▶ **TRY IT**
All the lines below should be set down exactly, with no picture carried into the copy.

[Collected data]
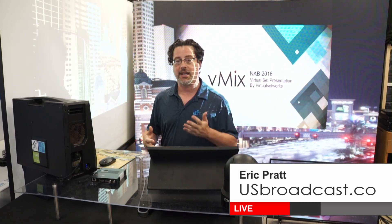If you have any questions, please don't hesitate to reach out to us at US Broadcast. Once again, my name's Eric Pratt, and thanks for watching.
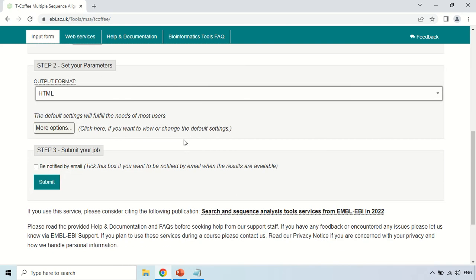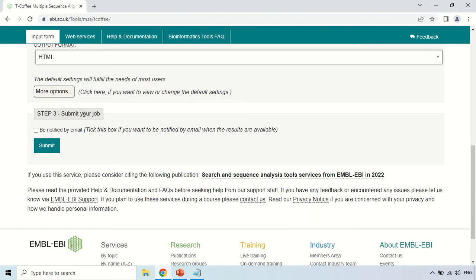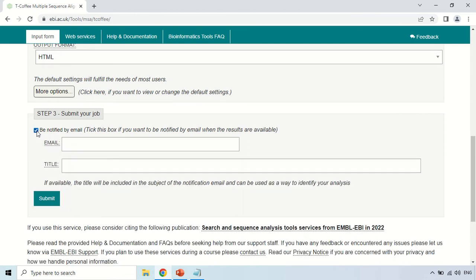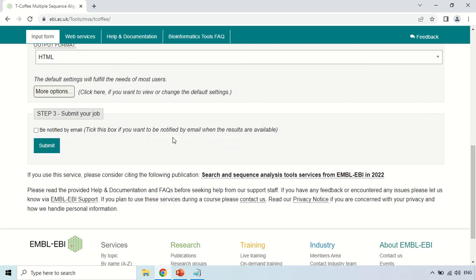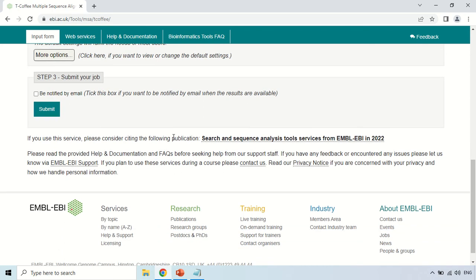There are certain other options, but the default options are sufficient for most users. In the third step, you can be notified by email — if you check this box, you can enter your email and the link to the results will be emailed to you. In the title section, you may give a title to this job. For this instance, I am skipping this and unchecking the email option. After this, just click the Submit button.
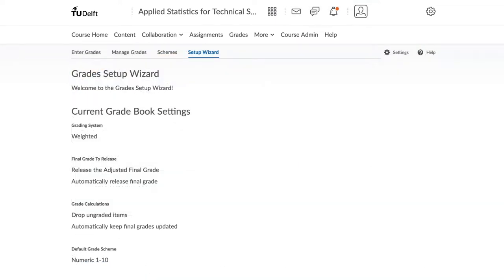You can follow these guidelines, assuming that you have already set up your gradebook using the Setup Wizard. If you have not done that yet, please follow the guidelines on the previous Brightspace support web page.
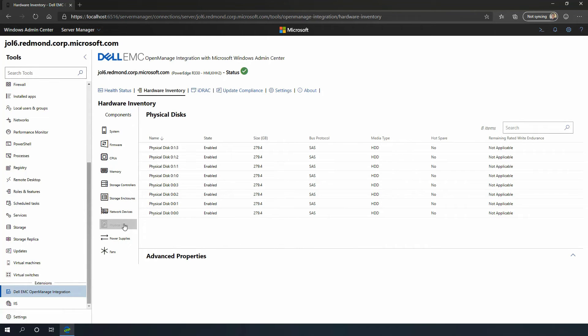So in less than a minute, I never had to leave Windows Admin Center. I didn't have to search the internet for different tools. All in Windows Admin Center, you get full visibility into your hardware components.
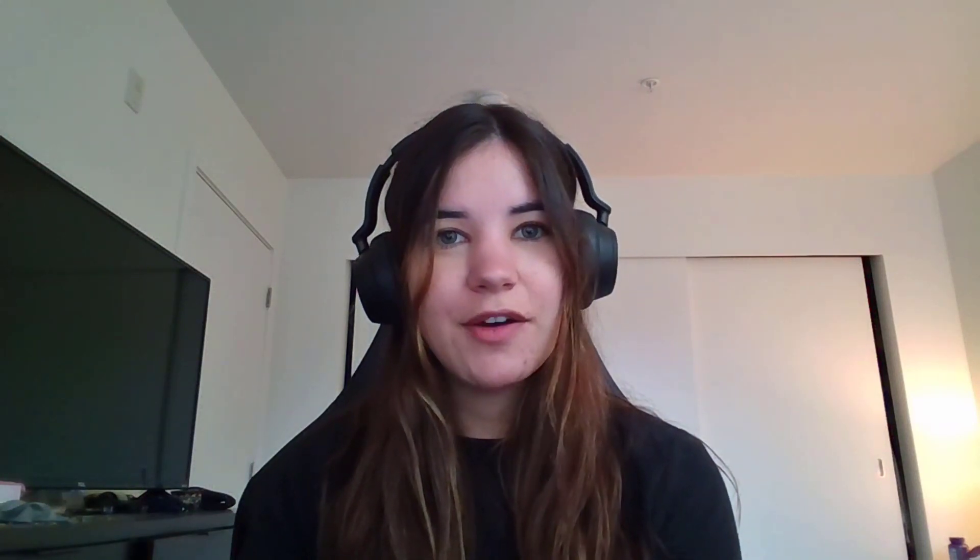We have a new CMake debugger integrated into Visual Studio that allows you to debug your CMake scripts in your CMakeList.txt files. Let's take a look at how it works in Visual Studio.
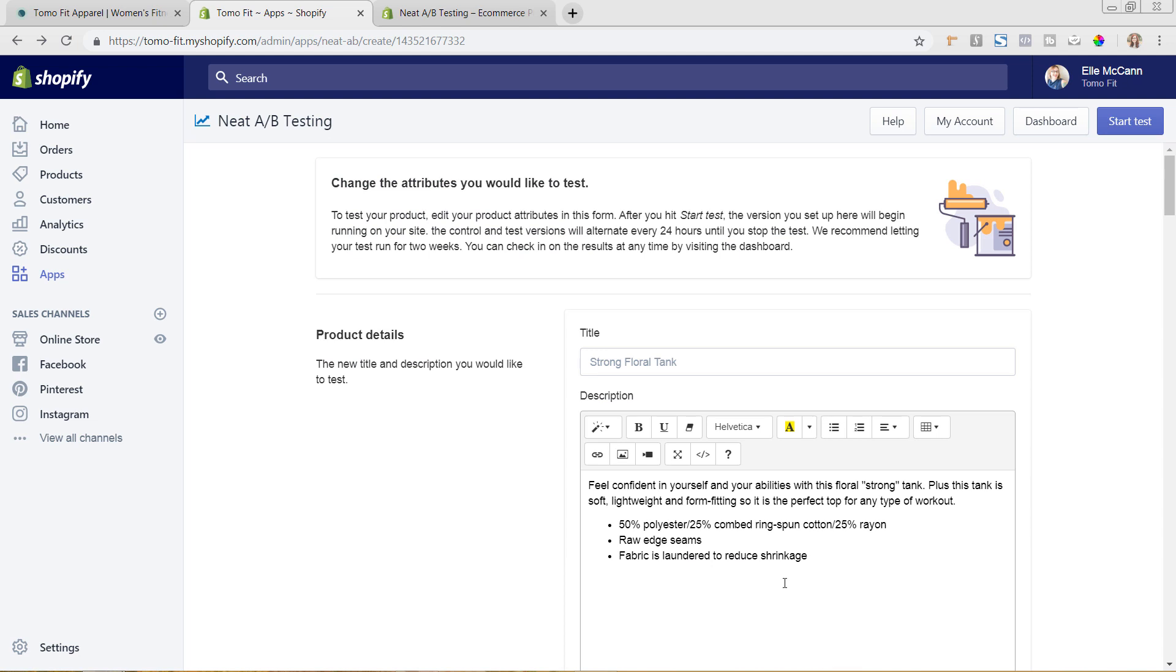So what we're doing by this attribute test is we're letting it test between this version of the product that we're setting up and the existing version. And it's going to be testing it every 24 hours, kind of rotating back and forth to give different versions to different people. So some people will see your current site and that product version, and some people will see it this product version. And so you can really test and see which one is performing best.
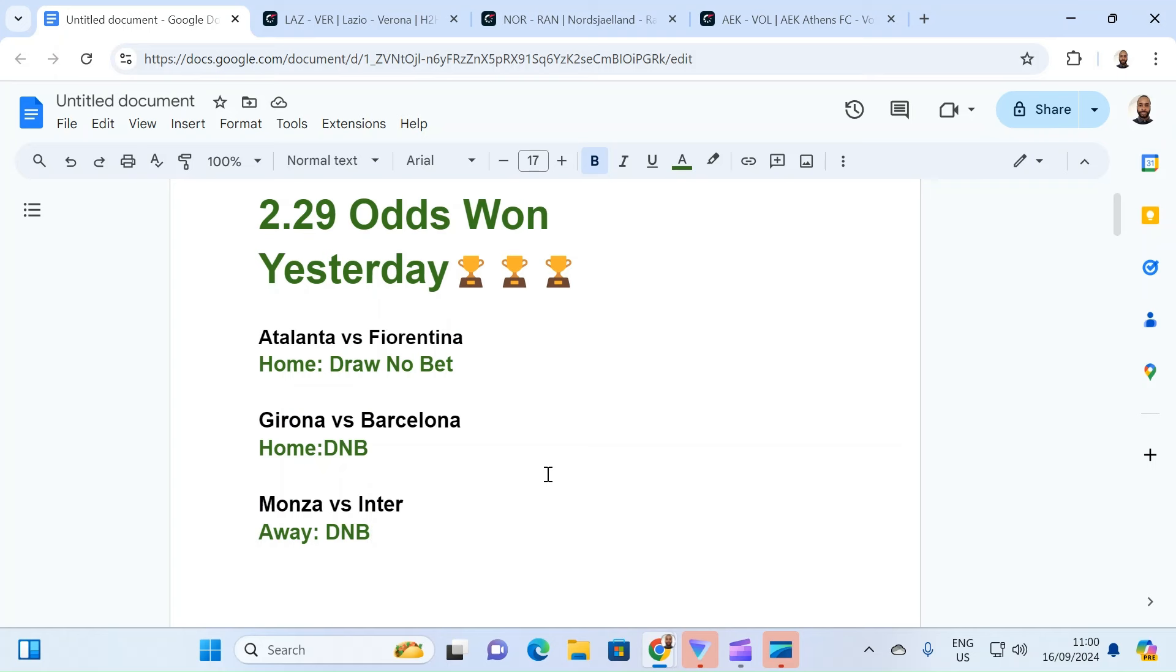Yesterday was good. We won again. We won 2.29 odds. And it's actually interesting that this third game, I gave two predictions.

▶ **ANSWER BELOW**
If you have any questions, please don't hesitate to reach out to us at US Broadcast. Once again, my name's Eric Pratt, and thanks for watching.
There are certain other options, but the default options are sufficient for most users. In the third step, you can be notified by email — if you check this box, you can enter your email and the link to the results will be emailed to you. In the title section, you may give a title to this job. For this instance, I am skipping this and unchecking the email option. After this, just click the Submit button.
You can follow these guidelines, assuming that you have already set up your gradebook using the Setup Wizard. If you have not done that yet, please follow the guidelines on the previous Brightspace support web page.
So in less than a minute, I never had to leave Windows Admin Center. I didn't have to search the internet for different tools. All in Windows Admin Center, you get full visibility into your hardware components.
We have a new CMake debugger integrated into Visual Studio that allows you to debug your CMake scripts in your CMakeList.txt files. Let's take a look at how it works in Visual Studio.
So what we're doing by this attribute test is we're letting it test between this version of the product that we're setting up and the existing version. And it's going to be testing it every 24 hours, kind of rotating back and forth to give different versions to different people. So some people will see your current site and that product version, and some people will see it this product version. And so you can really test and see which one is performing best.
Yesterday was good. We won again. We won 2.29 odds. And it's actually interesting that this third game, I gave two predictions.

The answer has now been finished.